So lately with increased frequency I get a call which goes through the spam filter. I don’t pickup calls from unknown numbers and let it go to voice mail.
The real surprising part is that when I call these numbers back, a genuine person picks up the phone and says they never called my number.
Is this a new thing now ? Does it mean that unknown to me, someone maybe using my number to call up random people ? Can someone call 911 using my number, unknown to me ?
It’s relatively easy to “spoof” phone numbers, i.e., to make it look like a call is coming from a number that it isn’t actually coming from. That’s what’s going on here. Spammers often spoof their number so it looks like it comes from a number from an area you might be familiar with so you think it might be someone you know or something important.
Could a spammer spoof your number and call me, and I would see your number on my caller ID? I don’t see why not.
Could they call 911? I mean, I suppose they could, but they’re spammers - I’m not sure why they would.
I have seen quite often numbers spoofed as 480 [NNN]-[XXXX] where the Ns are my exchange and the Xs are just four numbers. I’m guessing the callers are hoping I’ll think, “Oh! That must be Aunt Betsy!” and pick up the call.
Thing is, I know nobody with my exchange.

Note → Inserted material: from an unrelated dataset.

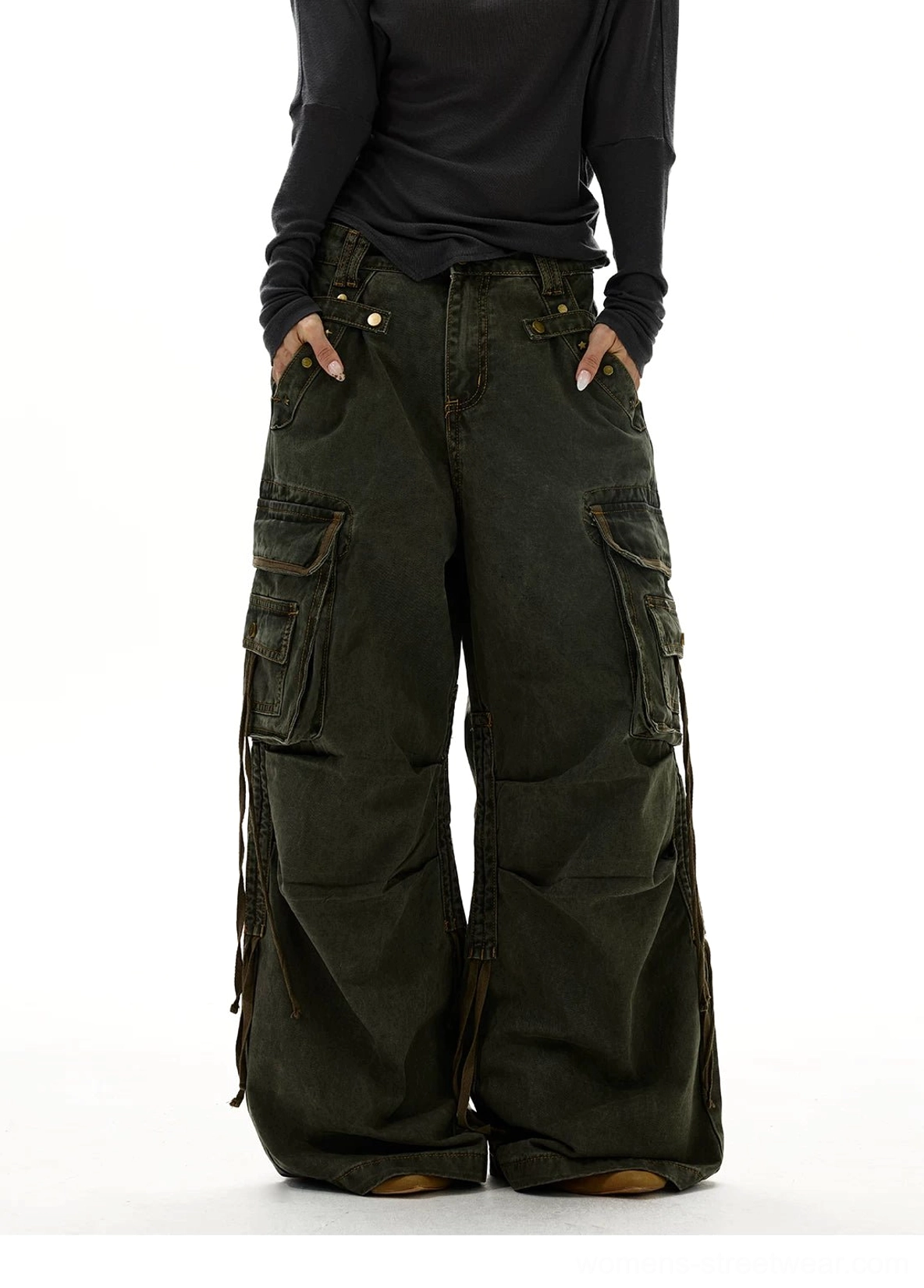 Olive green Y2K wide leg strap cargo jeans front full length view with oversized pockets and ultra baggy silhouette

Back in the day all of us: me, DesertRoomie, my brother, my sister-in-law, her sister, and my two nephews, had cell phone service through Verizon’s family plan because it made for cheap monthly charges back when all you had was phone and SMS.
No two of the numbers among us had the same exchange. It was as if Verizon pulled them out of a random bag.

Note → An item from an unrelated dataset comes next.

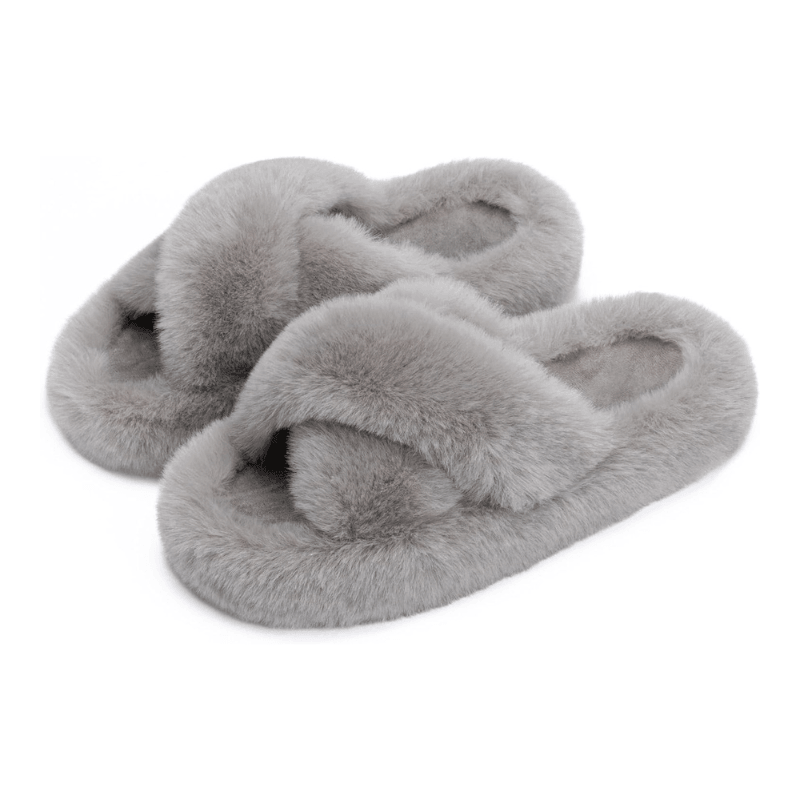 Faux Fur Cross Band Slippers – Elegant Design with Cozy Comfort - Cloud Cushion Slides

A while back, I’m thinking probably two years ago, I got a call from someone who told me, “Stop calling me!”
When I said I had never called him, I got the inevitable, “You did too!”
Someone must have spoofed my number I told him, and hung up. I don’t know if he continued to get calls from my number or not – I never heard from him again.

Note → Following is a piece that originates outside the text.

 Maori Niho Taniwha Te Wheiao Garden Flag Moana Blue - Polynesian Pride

Why is spoofing legal? I realize that blocking your number can be valid in certain circumstances, but why is putting in a fake number and/or name even allowed?
To say that there is a type of spoofing that is illegal implies that there is a type of spoofing that is legal.
Also how hard would it be for the providers to stop it from happening?
Legal spoofing is when a company has individual, direct phone numbers for every employee in their office but when an employee calls out, they make it look like the call came from the company’s general number.
You mean like Google Voice? So you want to use your personal phone to make a business call but you don’t want that person to have your actual phone number. We had a thread related to this awhile back.
Here’s a bunch about how the carriers are starting to fight back. https://en.wikipedia.org/wiki/STIR/SHAKEN
Once again all of this is because the caller ID system was designed back in the days of Ma Bell when bad actors simply couldn’t get their mitts on the data at a low enough level. Now that every communication is just data and every device is just a computer, every computer is a potential haven for bad actors.
A legit missed call should leave a message. In this day and age with so many spam/spoofed numbers, any missed call that does not leave a message of who they are gets ignored, because they are 99.99999999999% spam.
There are thousands of stories from people who get a call and Caller ID shows it is their own phone number.
Google Voice is not spoofing. You make a VOIP call from the Google Voice app from your phone and the Caller ID shows your Google Voice number. I can also use my business phone app on my smartphone to make a VOIP call that looks like it is from my office.
mrAru worked for Verizon cucstomer service back in the day, and it really was randomized, he said you basically get random pull of a block of numbers. I know our 3 phones are all one exchange but that is very unusual.
I also never answer any phone from our exchange - so far I have never gotten a call that wasn’t spammers. I have the other 2 numbers on our account programmed into my phone so it IDs them anyways =)
The real question is why is it even physically possible to spoof. There should be no access to those fields by the end user, or at minimum, access should involve an encryption where only Verizon/whoever has the key.
Welcome to the 21st century. Every time you touch anything touched by a computer anywhere it may be completely fraudulent or even be a hostile government attacking you. Or using you to attack someone / something else.
Everything you’re describing has been happening for the last decade or so. But very rarely compared to the gigantically greater volume of simple spam telemarketing calls. And there is exactly zero you can do to reduce or prevent any of it it. Except to warn your spouse and kids that caller ID, even your caller ID, is merely a hint, not a fact.
The fact this is still news to anyone in 2020 is very surprising to me. It’s definitely taking longer than we thought.
Remember those Capital One ads a couple years ago with the horde of Visigoths
/ Vikings beseiging the suburban house & family? That is exactly what the whole e-world really is like.
As described upthread and documented in the linked articles, caller ID was designed in the 1960 by Ma Bell when nobody else had access to any tech whatsoever.
Since then, just like the internet, a system designed assuming 100% good guys was released into the wild with about 80% bad guys. We’ve been struggling to retrofit trust into the system ever since.
The fact it’s a global system and certain authoritarian governments would LOVE to have every communication reliably signed so they could hound anyone they choose to target makes all this more complicated than it appears.
The same anonymity that gives us 4chan trolls also gives us e.g.Uigher dissidents.